Türk Genelkurmayı arşivleri yabancılara (ve aynı zamanda birçok Türk araştırmacısına) tamamen kapalıdır. Yabancı arşivler arasında Freiburg’daki Alman askeri arşivleri (Bundesarchiv-Militararchiv veya kısaca BA-MA) emsalleri arasında en iyisidir. Bununla birlikte bunların da kendine özgü sınırlamaları vardır. Birinci Dünya Savaşı’ndaki Alman İmparatorluğu’nun kendine ait ulusal kara kuvvetleri olduğu pek söylenemez. Sadece deniz, hava kuvvetleri ve sömürge birlikleri emperyal kuvvetlerdi. Ordunun geri kalanı ise, Prusya, Bavyera, Württenberg ve Saksonya birliklerinden meydana geliyordu. Bunlar normalde birbirinden ayrı birimler olup, savaş zamanında genelkurmayın tasaruffuna verilmekteydi. Bunun sonucu olarak Alman İmparatorluğu’nun herhangi bir merkezi arşivi yoktu.

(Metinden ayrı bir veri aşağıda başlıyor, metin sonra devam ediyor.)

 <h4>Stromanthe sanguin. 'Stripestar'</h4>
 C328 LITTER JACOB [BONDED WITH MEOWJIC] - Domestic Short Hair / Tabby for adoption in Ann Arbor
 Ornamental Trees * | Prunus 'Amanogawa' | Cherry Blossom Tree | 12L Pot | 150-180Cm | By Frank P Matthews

Askeri birlikler temelinde en önemlisi hiç kuşkusuz Prusya’ydı. Ne yazık ki, Nisan 1945’te Almanya bombardımanla dümdüz edilirken, müttefiklerin Potsdam’a düzenlediği hava baskını sırasında Prusya ordusuyla ilgili belgelerin yüzde 98’i yok oldu. Ortadoğu’da hizmet veren Alman subayların büyük çoğunluğunun Prusyalı olması nedeniyle bu büyük bir kayıptır.Az sayıdaki Bavyeralı subay için (ki aralarında Kress von Kressenstein da vardır) Bavyera Kraliyet Ordusuyla ilgili belgelerin korunduğu Münih’teki Bavyera Eyalet Merkez Arşivleri’ne başvurmak faydalı olacaktır.

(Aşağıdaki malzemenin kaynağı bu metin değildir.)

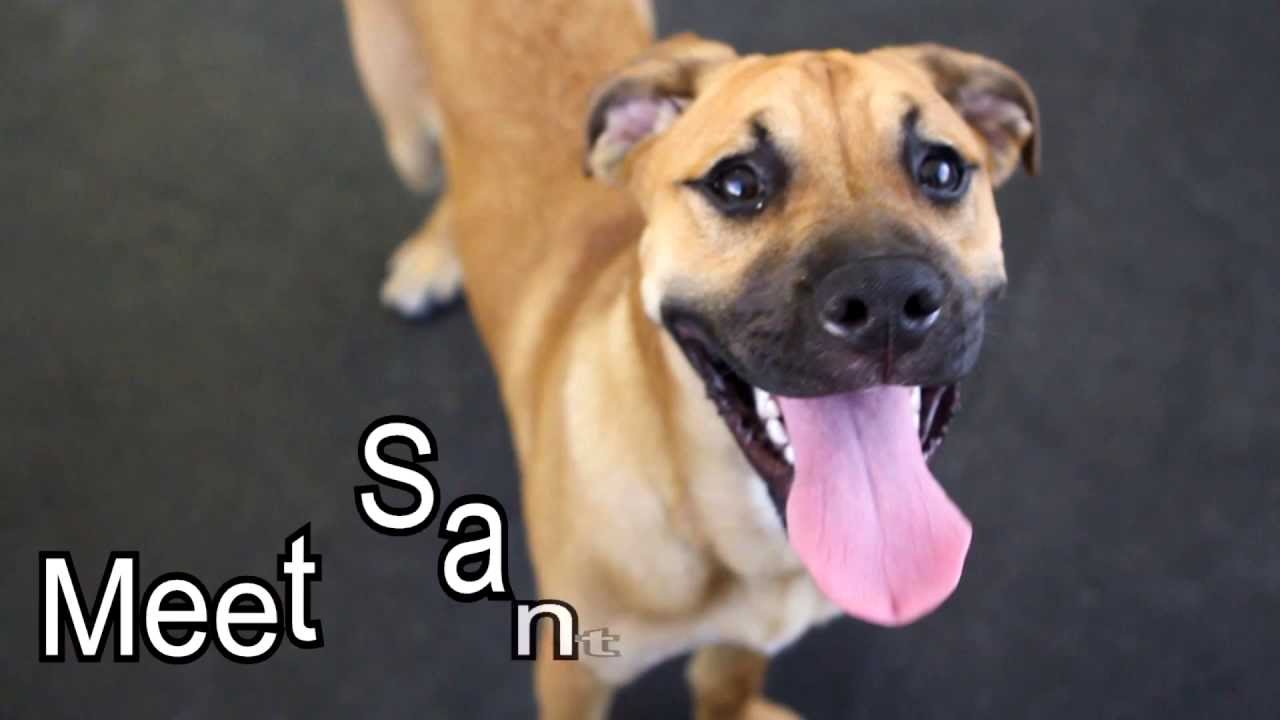 Paws Rescue Adoptables: Santo (Adopted)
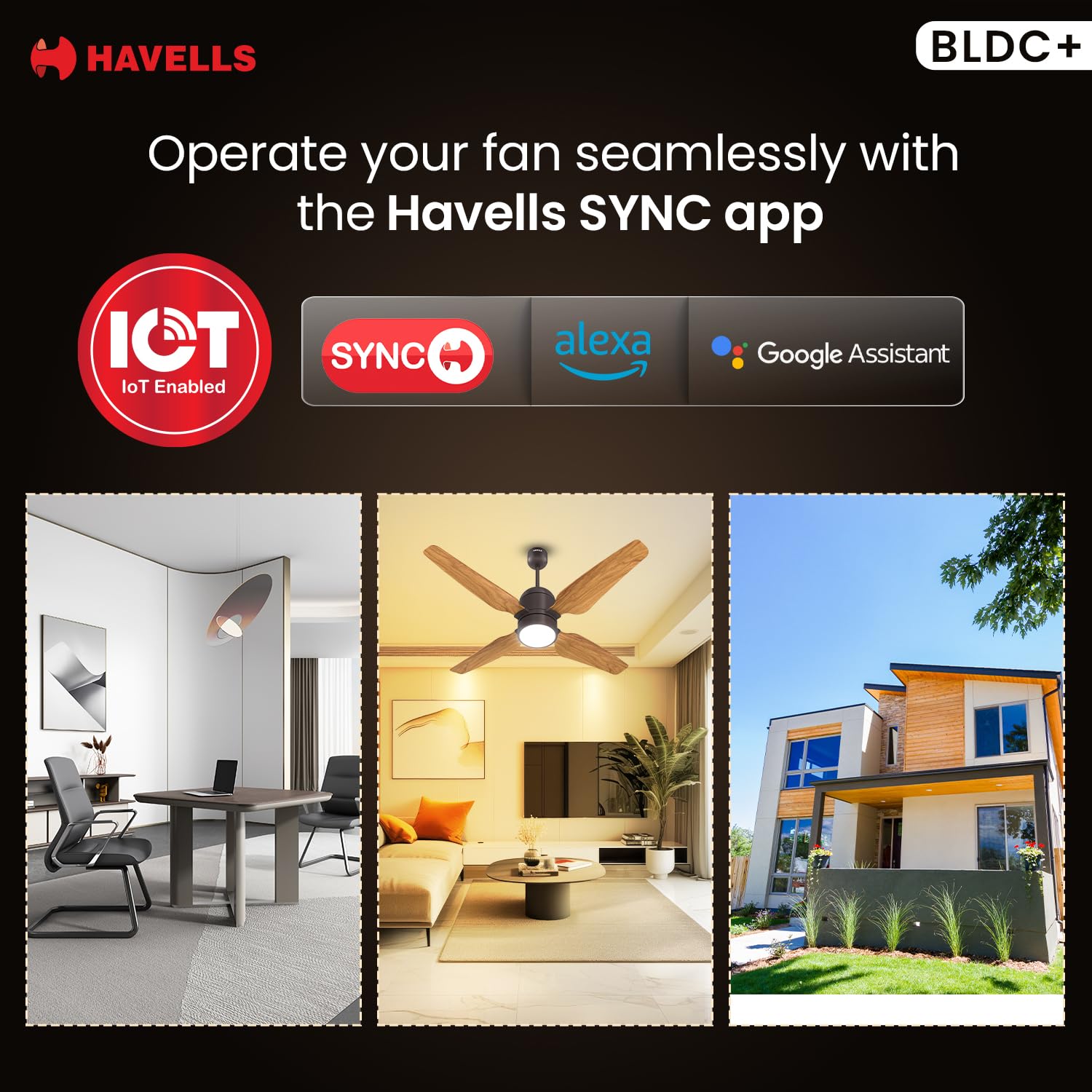 71pHtfB7T3L._SL1500_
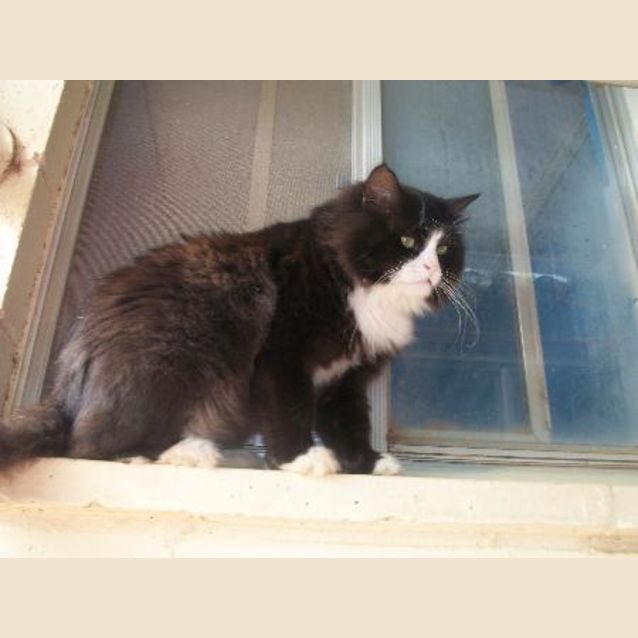 Photo of Big Poppa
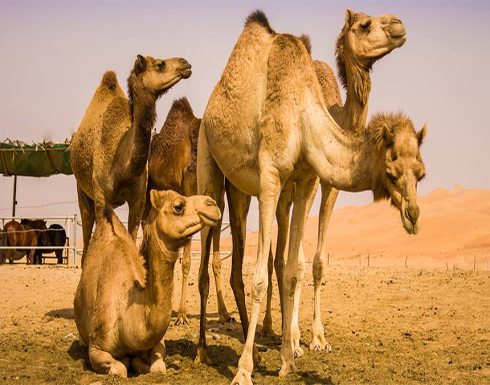 بسبب الاحتباس الحراري... أستراليا تقرر إعدام 10 آلاف جمل بسبب الاحتباس الحراري... أستراليا تقرر إعدام 10 آلاف جمل
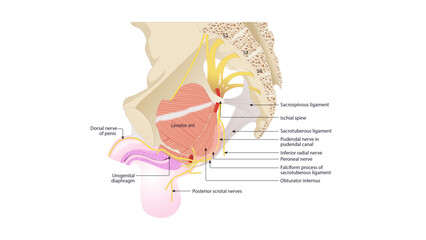 This image depicts the neurovascular and muscular anatomy of the pelvic and perineal region, focusing on the pudendal nerve and its branches, along with surrounding ligaments and structures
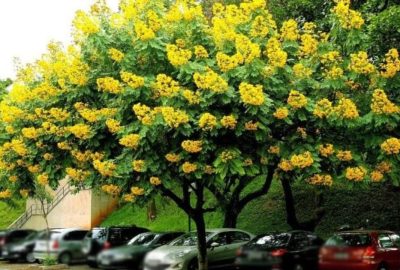 6 lᴑạι cây cho bóng mát, ít ɾụпg lá, hoα nở đẹp, trồng tɾước cửα nhà còn giúp tăng tài lộc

Hollanda Devlet Arşivlerinde, İstanbul elçiliğinden gelen politik raporlara başvurdum. Hollanda’nın tarafsız olması ve bu konumunun 1. Dünya Savaşı boyunca devam etmesi nedeniyle bu ülkedeki arşivler araştırmalarıma bazen ilginç bilgiler sundu.Bu kaynakların hepsinin ortak yönü, “tepeden aşağıya” vizyonunu paylaşmasıdır. Böyle bir vizyona sahip oluşları, onları savaş deneyiminin realitelerinden uzaklaştırır. Çünkü savaştaki kayıpları acı verici ölümler olarak görmek yerine insan gücü kaybı (istatistik) problemi gibi görürler. Askerlerin yaşam koşullarına kayda değer dikkat gösteren tek subaylar, imparatorlukta hizmet vermiş olan Alman doktorlarıdır.Dolaylı yoldan da olsa askerlerin sesini bize ileten tek kaynağın, Mısır ve Mezopotamya cephelerindeki İngiliz askeri istihbaratı ile Selanik, Dardanel (Çanakkale) ve İran’daki keşif birliklerinin gündelik ve haftalık “istihbarat özetleri” olduğu söylenebilir. Bu istihbarat özetlerinde ajanların raporları ve tarafsız gezginlerin verdiği bilgiler temel alınmıştır. Ayrıca Osmanlı savaş esirleriyle asker kaçaklarının sorgulanmasından elde edilen bilgiler ile Osmanlı savaş esirlerinin mektuplarını da içerir.Yazının daha önceki bölümlerinde Osmanlı askerlerinin büyük kısmının okuryazar olmadığı belirtildiği için bir çelişki var gibi gözükebilir. Ancak bu noktada savaş esirleri ile asker kaçaklarının büyük kısmının Ermeniler olduğu unutulmamalıdır. Ermeni ve Rumlar arasındaki okur yazarlık oranı, kırsal kesimde bile Müslümanlardan daha yüksektir.